[cifs-protocol] 116011913598783 Active Directory server sort Unicode normalization

Edgar Olougouna edgaro at microsoft.com
Thu Jan 28 17:00:28 UTC 2016


Douglas,

Active Directory Sorting Weight Table “Active directory sort table v-2.PDF” https://www.microsoft.com/en-us/download/details.aspx?id=1175
is obsolete. 
We have filed a technical document bug against MS-ADTS to remove the reference. In fact, there is no actual “Active Directory sorting table”; sorting weights are not really AD specific. Windows-based Active Directory relies just on what the operating system does.  The correct reference for Unicode comparison from AD is [MS-UCODEREF]. 

To get correct Unicode sorting, implementers need to be doing exactly the same thing that Windows Server does, as documented.
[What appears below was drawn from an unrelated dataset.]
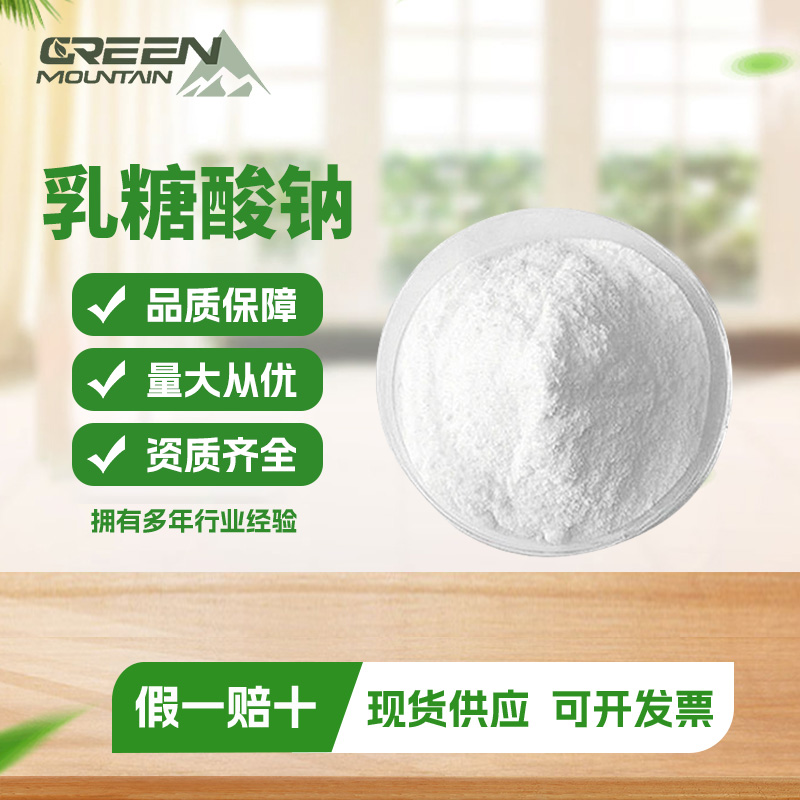 乳糖酸鈉,Sodium lactobionate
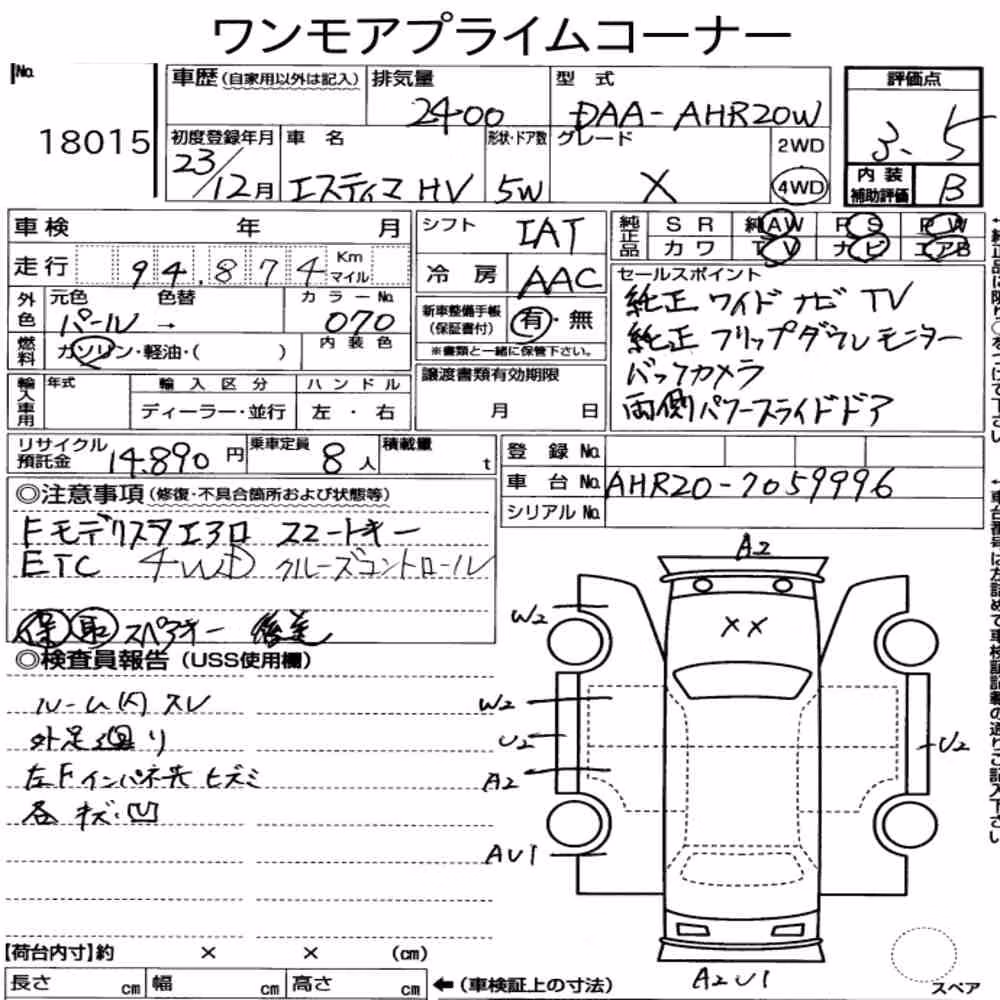 Notka aukcyjna: TOYOTA ESTIMA HYBRID 4WD X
[MS-UCODEREF] is a reference document which describes how Unicode strings are compared in Windows protocols and how Windows supports Unicode conversion to earlier codepages. The [MS-UCODEREF] internal build has already been updated to reference files in the “Sorting Weight Tables” published recently on 1/19/2016. https://www.microsoft.com/en-us/download/details.aspx?id=10921

Per the patent map tool, [MS-UCODEREF] does not appear to require any license. 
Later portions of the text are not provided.